In another post I commented on Kitty Hayes and the way she played a lot in F in the old style. In the days when 'flat' pipes were in C tuning it would have been much more common to play along in F and Dminor. Heres a nice video clip

 

 

I have been talking to my friend Brian Howard in Sheffield who is a pipe maker. It appears that pipes in D tuning came in at the end of the 19th C ( Brian said it was to make pipes louder for the American halls where most of the Irish pipers like Tuohy changed to D sets) and certainly, as Mick Bramich points out in his book in the section on the key of F on the C/G Anglo, O'Neill has very few tunes with Bflat key signature, though they were common in older tune books in Ireland ( he cites the Darley and McCall Collection from just prior to WW1)

 

I find fiddlers and flute players and D/G melodeon and concertina players moan if I start to play such tunes! although we have an old boy my age (72) who plays a Clarke C whistle who likes them.

 

If you listen to Mary MacNamara or Dympna O'Sullivan you find such tunes and Martin Hayes once mentioned playing with older C whistle players like Joe Bane, in F , Dminor , G minor and C. Mickie O'Donoghue played concertina, (a German two row C/G) in the old style along the C row . I trawled through Dan worrall's book but found no mention of playing in F and i also noticed that in the Clare Set rrecordings there was no mention in the sleeve notes of the keys played and the tuning of the concertinas.

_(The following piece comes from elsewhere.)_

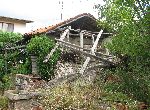 Stara Zagora - House - In mountain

It's a matter, for me, of playing along and analysing what goes on by ear and using the slowdownwer which I have finally adopted!

 

 

I was listening to Kitty Hayes and after playing along for a while I got my head round what she was doing and it came along nicely, even the reels in F felt very comfortable ( as a child I started on a C mouthorgan which helps). On the first track she goes from Cooley's Jig in C to Cliffs of Moher in G minor. I found this much nicer than the commonly played D to A minor. When I checked in O'Neill I noted that it gives an F# key signature but that the tune makes little sense , if you change to F natural it flows well so the G minor key is the one you play in.

 

 

I would be interested in communicating with others who find this topic engaging. I have been working on F in my lessons with with Brian Peters on the key of F for English tunes and like the key and the chords you can use. it's a nice key for singing I find.

 

 

 

I don't get to Ireland as much as I'd like much nowadays but I understand 'C Sessions' are quite popular, I know they are with players of East Anglian players with C and C/F melodeons.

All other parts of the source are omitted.